Senator John McCain’s wife, Cindy McCain, has decided not to release her tax returns — not now and not in the future. In the interest of transparency and to support her husband’s frequent calls for clean and open government, she should rethink that decision.

Since their marriage in 1980, Mrs. McCain, the daughter of a multimillionaire Anheuser-Busch distributor, and her husband have filed separate tax returns. In April, Mr. McCain released his own returns, but just for the last two years — a paltry nod to openness. Mrs. McCain, it was explained, would not release her tax returns in “the interest of protecting the privacy of her children.”

Mrs. McCain dug in deeper this month, insisting that she will never make her returns public, even if her husband wins the presidency and she becomes first lady. “My husband is the candidate,” she said.

There is no question that Mr. McCain — the candidate — has reaped considerable benefits from his wife’s wealth, including discounted use of her company’s corporate jet to fly from state to state during this campaign.

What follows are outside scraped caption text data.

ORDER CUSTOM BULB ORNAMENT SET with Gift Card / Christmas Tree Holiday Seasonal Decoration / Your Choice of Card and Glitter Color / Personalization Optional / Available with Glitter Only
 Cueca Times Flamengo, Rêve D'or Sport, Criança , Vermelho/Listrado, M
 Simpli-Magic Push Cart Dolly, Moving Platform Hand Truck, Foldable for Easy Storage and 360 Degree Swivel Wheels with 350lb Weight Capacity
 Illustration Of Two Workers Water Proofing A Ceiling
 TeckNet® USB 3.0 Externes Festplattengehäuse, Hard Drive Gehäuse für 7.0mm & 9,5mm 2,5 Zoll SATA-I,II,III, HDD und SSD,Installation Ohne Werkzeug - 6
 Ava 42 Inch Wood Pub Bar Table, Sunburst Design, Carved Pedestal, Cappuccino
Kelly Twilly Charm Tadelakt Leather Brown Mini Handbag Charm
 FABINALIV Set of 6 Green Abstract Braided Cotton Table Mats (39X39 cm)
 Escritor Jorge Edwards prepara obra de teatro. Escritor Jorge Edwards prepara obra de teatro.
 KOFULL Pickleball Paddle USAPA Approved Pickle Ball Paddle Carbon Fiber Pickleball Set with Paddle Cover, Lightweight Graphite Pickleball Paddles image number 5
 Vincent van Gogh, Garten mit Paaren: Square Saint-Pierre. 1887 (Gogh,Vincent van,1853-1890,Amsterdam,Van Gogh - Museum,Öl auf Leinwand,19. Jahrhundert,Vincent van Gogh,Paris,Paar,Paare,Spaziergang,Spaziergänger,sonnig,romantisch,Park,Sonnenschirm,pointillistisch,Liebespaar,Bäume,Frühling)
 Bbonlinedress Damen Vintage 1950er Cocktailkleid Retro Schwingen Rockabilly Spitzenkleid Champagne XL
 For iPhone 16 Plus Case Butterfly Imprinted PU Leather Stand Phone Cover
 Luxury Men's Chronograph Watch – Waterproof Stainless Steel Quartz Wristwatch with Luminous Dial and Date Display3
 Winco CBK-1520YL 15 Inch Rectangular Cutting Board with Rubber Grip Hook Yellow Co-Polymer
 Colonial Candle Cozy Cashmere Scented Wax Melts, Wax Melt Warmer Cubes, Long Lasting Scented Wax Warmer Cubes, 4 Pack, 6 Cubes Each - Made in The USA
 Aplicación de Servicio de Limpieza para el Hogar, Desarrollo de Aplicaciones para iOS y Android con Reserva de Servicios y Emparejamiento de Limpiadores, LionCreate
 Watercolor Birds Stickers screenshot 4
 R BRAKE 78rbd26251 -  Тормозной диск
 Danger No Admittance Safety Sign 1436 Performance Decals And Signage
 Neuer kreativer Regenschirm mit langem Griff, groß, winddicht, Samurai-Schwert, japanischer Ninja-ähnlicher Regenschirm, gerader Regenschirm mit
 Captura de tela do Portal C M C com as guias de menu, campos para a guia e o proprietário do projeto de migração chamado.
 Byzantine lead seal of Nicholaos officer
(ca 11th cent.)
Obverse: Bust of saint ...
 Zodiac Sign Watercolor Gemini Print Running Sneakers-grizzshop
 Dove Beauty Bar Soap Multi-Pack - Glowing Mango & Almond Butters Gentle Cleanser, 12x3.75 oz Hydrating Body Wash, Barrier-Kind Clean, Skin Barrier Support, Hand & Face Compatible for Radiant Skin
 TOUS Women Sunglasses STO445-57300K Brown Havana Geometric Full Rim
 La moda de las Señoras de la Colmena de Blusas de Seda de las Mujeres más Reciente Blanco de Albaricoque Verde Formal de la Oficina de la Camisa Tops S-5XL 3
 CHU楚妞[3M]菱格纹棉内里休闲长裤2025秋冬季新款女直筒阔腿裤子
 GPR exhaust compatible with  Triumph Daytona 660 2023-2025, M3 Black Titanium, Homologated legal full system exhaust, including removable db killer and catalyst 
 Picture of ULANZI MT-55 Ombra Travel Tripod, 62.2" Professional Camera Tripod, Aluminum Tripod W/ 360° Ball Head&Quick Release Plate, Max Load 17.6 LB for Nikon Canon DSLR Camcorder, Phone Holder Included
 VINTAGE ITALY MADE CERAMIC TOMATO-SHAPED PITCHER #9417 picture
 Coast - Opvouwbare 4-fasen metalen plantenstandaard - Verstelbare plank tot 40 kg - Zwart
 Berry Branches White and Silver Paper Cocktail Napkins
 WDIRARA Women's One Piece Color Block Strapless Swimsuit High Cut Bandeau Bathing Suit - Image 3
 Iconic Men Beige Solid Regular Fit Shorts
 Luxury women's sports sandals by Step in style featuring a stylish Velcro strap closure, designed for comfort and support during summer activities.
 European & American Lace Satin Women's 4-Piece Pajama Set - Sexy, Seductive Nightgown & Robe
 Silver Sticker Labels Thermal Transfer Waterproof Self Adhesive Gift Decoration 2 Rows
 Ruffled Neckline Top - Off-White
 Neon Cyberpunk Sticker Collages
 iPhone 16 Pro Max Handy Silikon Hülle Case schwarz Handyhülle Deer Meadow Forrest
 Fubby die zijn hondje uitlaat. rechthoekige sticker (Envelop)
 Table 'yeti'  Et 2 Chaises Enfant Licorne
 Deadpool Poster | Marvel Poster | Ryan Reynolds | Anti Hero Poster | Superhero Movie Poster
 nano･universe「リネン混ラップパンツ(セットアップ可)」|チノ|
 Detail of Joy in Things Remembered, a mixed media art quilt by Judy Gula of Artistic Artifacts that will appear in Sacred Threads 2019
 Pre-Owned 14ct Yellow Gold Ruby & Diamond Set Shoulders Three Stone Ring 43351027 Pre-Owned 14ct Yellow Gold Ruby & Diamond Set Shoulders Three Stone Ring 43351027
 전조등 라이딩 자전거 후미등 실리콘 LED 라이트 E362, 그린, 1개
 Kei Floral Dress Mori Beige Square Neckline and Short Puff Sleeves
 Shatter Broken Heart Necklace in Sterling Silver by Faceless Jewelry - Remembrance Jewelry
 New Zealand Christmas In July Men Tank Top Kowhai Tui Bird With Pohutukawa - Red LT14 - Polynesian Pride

Voters also deserve to know whether any of Senator McCain’s official actions have benefited his wife, family members, or their business associates, as they did in the case of Charles Keating, the Arizona developer and savings and loan operator at the center of the Keating Five scandal two decades ago. A year before Mr. McCain’s 1987 meetings with bank regulators on Mr. Keating’s behalf, Mrs. McCain and her father invested more than $350,000 in a strip mall developed by Mr. Keating.

Senator Barack Obama and his wife, Michelle Obama, have released eight years of joint returns. Senator Hillary Rodham Clinton and her husband, former President Bill Clinton, have recently released eight years of tax information, although the public is still owed a list of the donors to the Clinton presidential library and foundation.

During the 2004 presidential campaign, we urged Teresa Heinz Kerry, the wealthy wife of Senator John Kerry, to release her tax returns. So did the Republican National Committee. This time, predictably, the R.N.C. has switched sides. Senator and Mrs. McCain should show that they’re both committed to open government and release Mrs. McCain’s returns.